Ask HN: Why do we have different simcard sizes? - Madre

One thing that baffles me is why do we have different sim card sizes. Phones keep getting bigger and bigger by the day but phone manufacturers think it is wise to reduce simcard sizes. Is this by design or dont they just want me to remove my sim and put it in another phone model?
======
superasn
Same reason why we have different USB ports (normal, micro, mini, etc).
Designs keep evolving.

Also, I think the weight of phone is very important so anything to shave even
a few micrograms off it could be one of the reasons (Read: Why Steve jobs
tossed the first iPad in an aquarium [1])
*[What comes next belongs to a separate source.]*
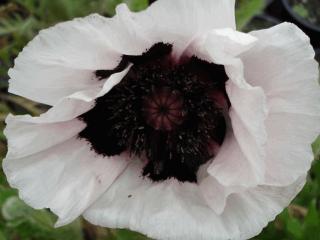 Papaver orientale 'Perry's White'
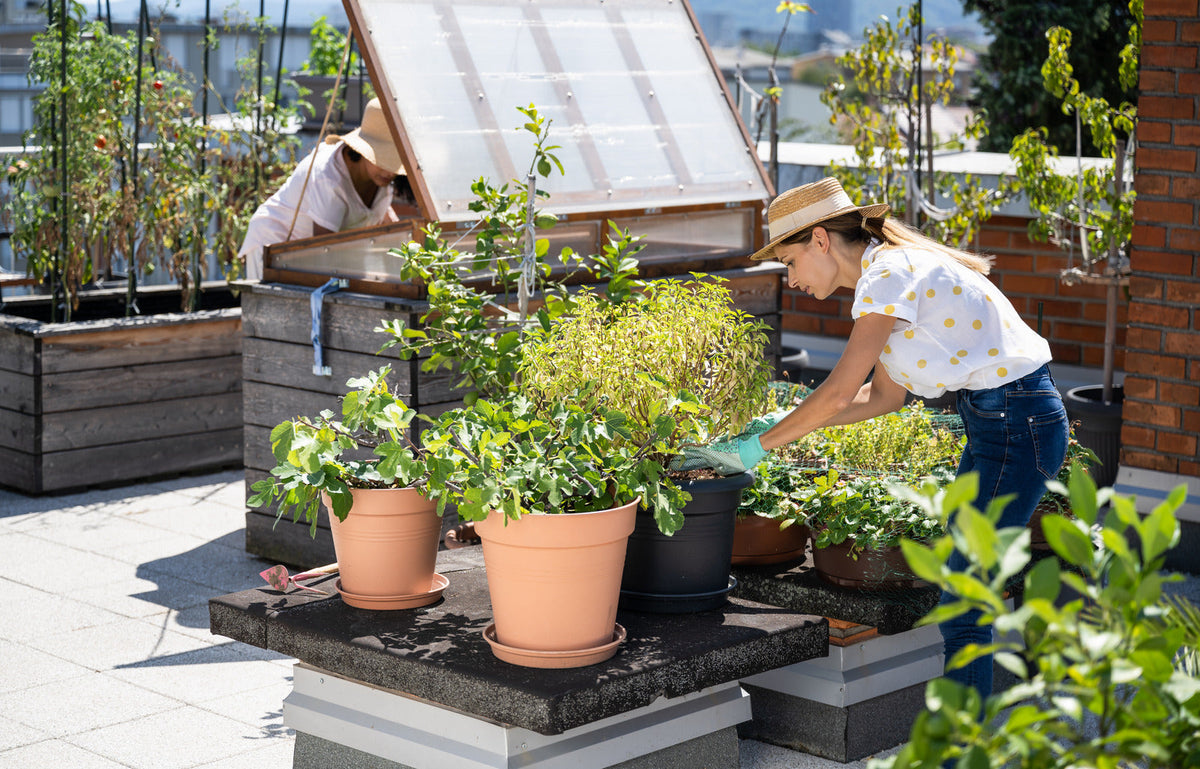 Urban Garden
Lastly, i think it is also because of what you said, especially with the new
closed walled phones where the device manufacturer (read Apple) would like to
seal you into a contract with the phone company and phone.

[1] [https://my.news.yahoo.com/steve-jobs-dropped-first-
ipod-1521...](https://my.news.yahoo.com/steve-jobs-dropped-first-
ipod-152100470.html)

------
MichaelCrawford
It's known as "The Cable Conspiracy".

By making all our connectors different, we have to keep buying stuff. Consider
that I can't take my SIM card out of my phone then put it in a different
phone. That means I have to buy a new SIM card, if I want a new phone. That
means sales of SIM cards.

Consider that we have both Firewire and USB, and that USB has four different
kinds of connectors. It moves product!